In order to have a comparable threshold for both data sets, we chose an importance score cut-off because it has the same statistical meaning for both the SNPs and EVs. The threshold of 10 was chosen because it generated similar distributions of scores in both data sets. This cut-off resulted in a filtered data set that consisted of 418 SNPs and 241 EVs.

3.2. GENN

The filtered EV and SNP variables were analyzed both separately and simultaneously by GENN. In addition, the SNPs and EVs from the best GENN models were analyzed together. Table 3 shows the GENN parameters that were used for these analyses. These parameters were selected based on a tuning analysis where we swept over various settings and selected based on prediction optimization. A detailed description of the parameters can be found in a previous ATHENA publication¹⁴. The fitness function used by GENN for analysis of quantitative outcomes is shown below:

r - squared = 1 - [\frac{\sum_{i} {(y_{i} - {\hat{y}}_{i})}^{2}}{\sum_{i} {(y_{i} - \bar{y})}^{2}}]

(1)

where y is the observed value, y-hat is the predicted value, and y-bar is the mean value for the quantitative outcome.

Table 3.

GENN parameter settings

Parameter	Steps 2.1, 2.3	Steps 2.2, 3
Number of demes (processors)	100	100
Population Size/Deme	3000	1000
Number of generations	1125	250
Number of migrations	45	10
Probability of Crossover	0.9	0.9
Probability of Mutation	0.01	0.01
Fitness	r-squared	r-squared
Analysis time (hours)	8	1

Open in a new tab

Figure 4 shows the resulting best ANN models from each of the following analyses: a. SNPs only (Step 2.1), b. EVs only (Step 2.3), and c. SNPs and EVs together (Step 2.2). The r-squared values from the testing cross-validation set for each of the models were 0.16, 0.11, and 0.18, respectively.

Fig 4 — Best GENN models from the a. SNP, b. EV, and c. SNP and EV integrated analyses. The asterisks in the integrated model denote variables that were present in at least one of the top five cross validation models from the separate SNP and EV analyses. (w = constant and variable are multiplied; PADD = additive activation node)

Finally, we ran GENN with only the 6 SNPs and 5 EVs that were present in the top models shown Figure 4a. and 4b. Figure 5 shows the resulting network from this analysis (Step 3).

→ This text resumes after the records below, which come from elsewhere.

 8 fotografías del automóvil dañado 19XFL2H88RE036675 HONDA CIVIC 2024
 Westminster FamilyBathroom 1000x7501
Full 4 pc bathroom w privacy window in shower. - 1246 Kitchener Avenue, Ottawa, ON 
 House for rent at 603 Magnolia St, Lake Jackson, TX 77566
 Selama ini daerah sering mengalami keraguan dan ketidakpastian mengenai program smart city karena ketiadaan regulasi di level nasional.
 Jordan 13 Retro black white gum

The ANN consisted of 3/6 SNPs and 4/5 EVs from the best models and the testing r-squared value was 0.32. This is substantially greater than the three previous networks (Figure 4). Additionally, we tested the same variables using a more traditional statistical prediction method--multivariable linear regression. The adjusted r-squared value from the regression model that included all 6 SNPs and 5 expression variables was 0.23. The full regression model was highly significant, with a p-value of 2.2×10⁻¹⁶.

Fig 5 — Best model GENN analysis of variables from best SNP and EV models. Testing r-squared value = 0.32.

4. Discussion

In this study, we demonstrate a filtering-modeling pipeline for integrating different types of high-throughput data to generate meta-dimensional prediction models. We were able to build a model that includes variables from different levels of biological regulation and explained more variation than either data-type alone (Figures 4 and 5). Additionally, our best model was more predictive than the commonly used additive modeling technique. Due to its flexibility, this approach is easily extendible to other types of high-throughput data. For example, another quantitative high-throughput measurement such as proteomic data could be added to this analysis by filtering the data using the same RJ method and then adding in these filtered proteomic levels to the GENN analysis.

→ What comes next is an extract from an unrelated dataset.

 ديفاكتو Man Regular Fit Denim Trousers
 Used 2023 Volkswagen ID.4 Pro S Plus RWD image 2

Notably, although the ANN from the integrated analysis had a higher r-squared value than the analyses that only included SNPs or EVs (Figure 4), it was still less predictive than the analysis that only included just the top SNPs and EVs (Figure 5). This could be a result of the combined increase in pressure on variable selection due to the larger number of predictor variables and on modeling due to the different scales of the EV and SNP values. When we reduced the variable selection pressure by only including the top variables from the EV-only and SNP-only best models, the r-squared value went up substantially. This highlights the ability of GENN to model the variables in an informative way when presented with a limited number of noise variables. Additionally, the GENN model was able to account for more outcome variation than the linear regression model indicating that the more complex modeling method of GENN identifies relationships between the variables that an additive model does not.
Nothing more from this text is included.